Test and Re-Test - Consistently monitor to ensure your product activates the triggers.

I know, I know...we all thought video games were just for killing time at work and half-hoping you didn't get caught and half-hoping you get caught and fired because you really ought to move on from your dead-end-video-game-playing-job anyways.

Turns out, in marketing, those pointless games might be your ticket to your next job.

Any more insights into how websites are turning the web into one big video game? Any favorite sites that use innovative ways to draw customers in, and keep them coming back? Do share!

And...for those who didn't do the reading......
Chapter 10 - Product

Product - A bundle of benefits that satisfy the needs of a organizations or consumers, for which they are willing to pay for.
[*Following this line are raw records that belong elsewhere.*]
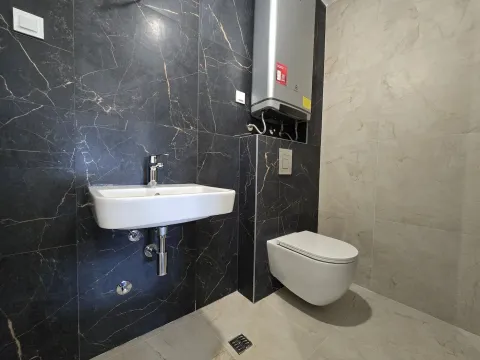 Modern bathroom equipped with a sink, wall-hung toilet, and water heater. - image 8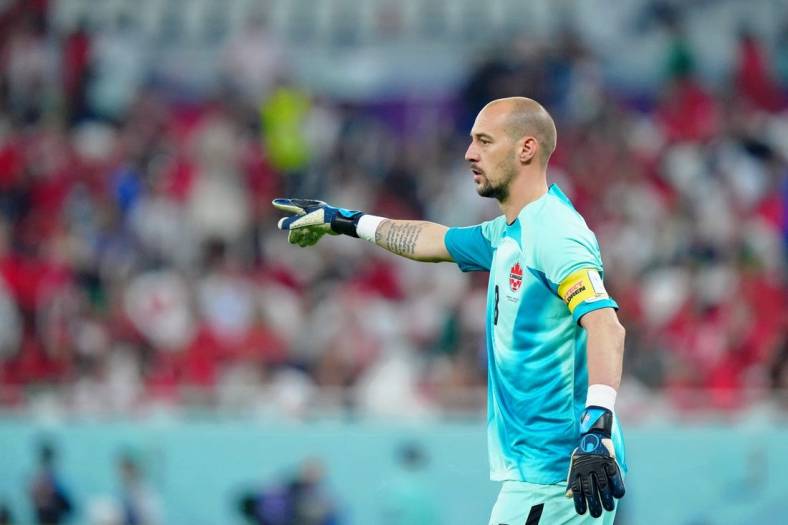 Dec 1, 2022; Doha, Qatar; Canada goalkeeper Milan Borjan (18) gestures against Morocco during the second half of a group stage match during the 2022 World Cup at Al Thumama Stadium. Mandatory Credit: Danielle Parhizkaran-USA TODAY Sports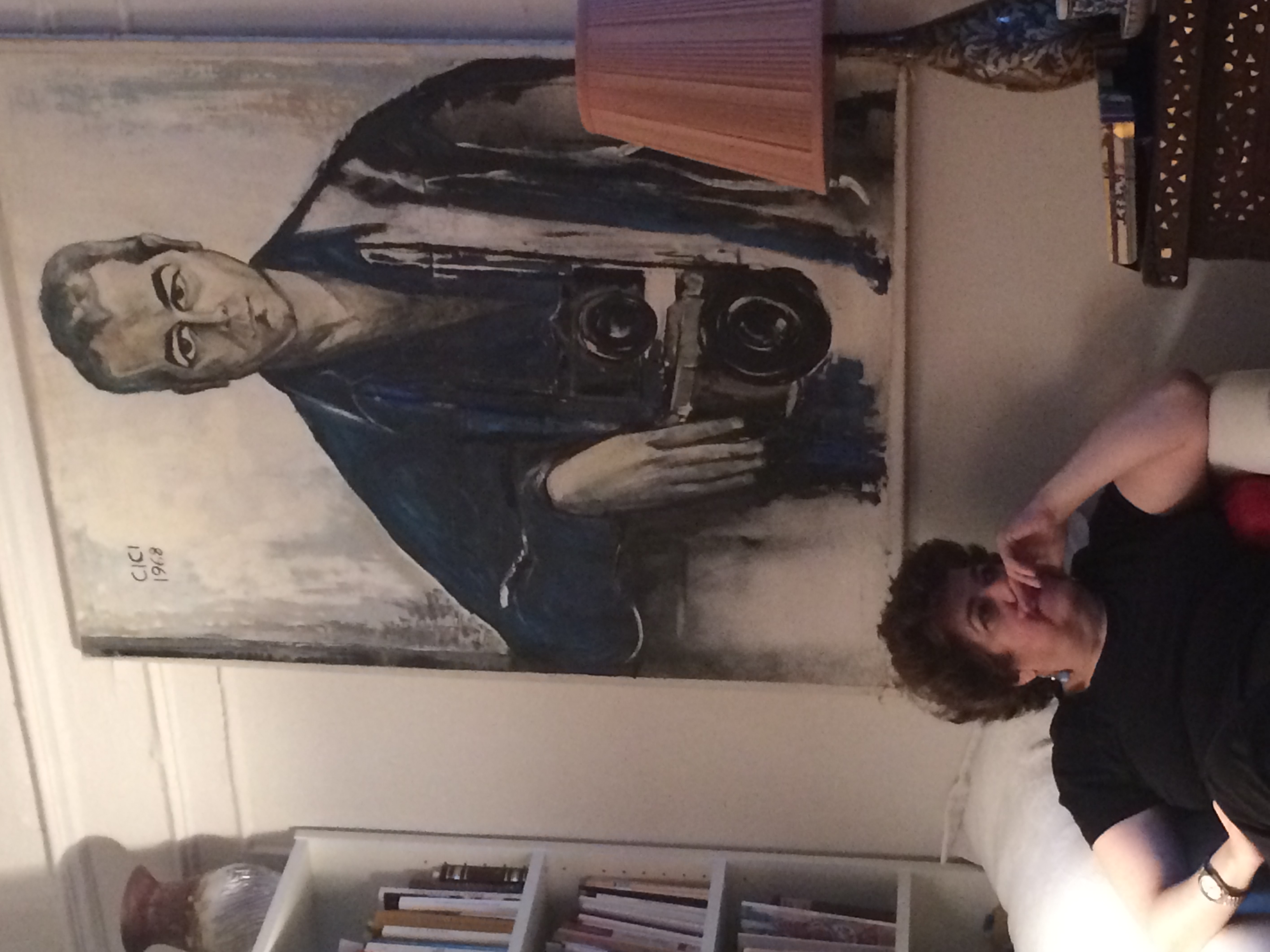 Lola Koundakjian, sits beneath a portrait of her father in her New York City home. Photo courtesy of Koundakjian.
Creating Customer Value Online - 
- Customer Value = Benefits - Cost
So what creates value?
1. It encompasses the entire product experience: discovering, trying, buying, post-sale, 
2. It exists ENTIRELY in the MINDS of CUSTOMERS
3. It is tied to customer expectations.
4. Value exists at all price levels.

Product Benefits
- Attributes - What it is...color, taste, style, size, speed of service
- Branding - The intangible characteristics that differentiate a product from its competitors
- Support Services - Communicate! Be reachable, to the extent customers expect
- Labeling - Be identifiable, quickly. Reinforce trust, security, speed, whatever the customer is looking for
- Packaging - Make it look good.

Enhanced Product Development
- Customer Co-Design - Product customized for the customer.
- Electronic Input - Crowd sourcing, online reviews

Product Strategy
- Discontinuous Innovation - Brand new products that the world has never seen before. The first product in a new category.
- New Product Lines - A company decides to enter an existing market.